Wednesday, March 18, 2009

Jane: Book review


The Rope Walk by Carrie Brown is this year's All Iowa Reads book. I just read it and have that bittersweet feeling about finishing a book--I could hardly put it down as I was reading, but am sorry to be done because it was such a "serious pleasure" (words from a blurb on the back) to read.

It's a coming-of-age book about a girl in contemporary New England. The story begins on her 10th birthday when she meets two people whose lives become entwined with hers: Theo, an African American boy her age (his mom is white, dad is black), and Kenneth, an ailing artist who came back to the small town.

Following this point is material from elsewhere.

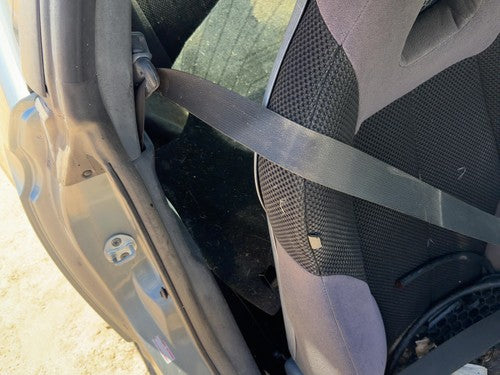 06-12 Eclipse Passenger Right Front Seat Belt Retractor Shoulder Coupe Gray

The people in the book are richly and complexly drawn--Alice's dad, a college professor and widower who loves his big family; Alice's 5 brothers (some drawn more carefully than others); Elizabeth, the family's housekeeper and Alice's "babysitter." And of course sensitive, artistic Alice; hyper, brainy Theo; and Kenneth who is looking for rest and maybe redeption through the two children.

The writing itself in this book is wonderful--every sentence full of detail beautifully rendered. And the closely-observed details of the summer Alice, Theo, and Kenneth spend together are not random details, but symbolic and meaningful.

Let me know if you decide to read it! I'm wondering if there will be Iowa Reads activities with this book. Our Linn Area Reads activities (linked to Tallgrass by Sandra Dallas, which I reviewed here earlier) are in full swing.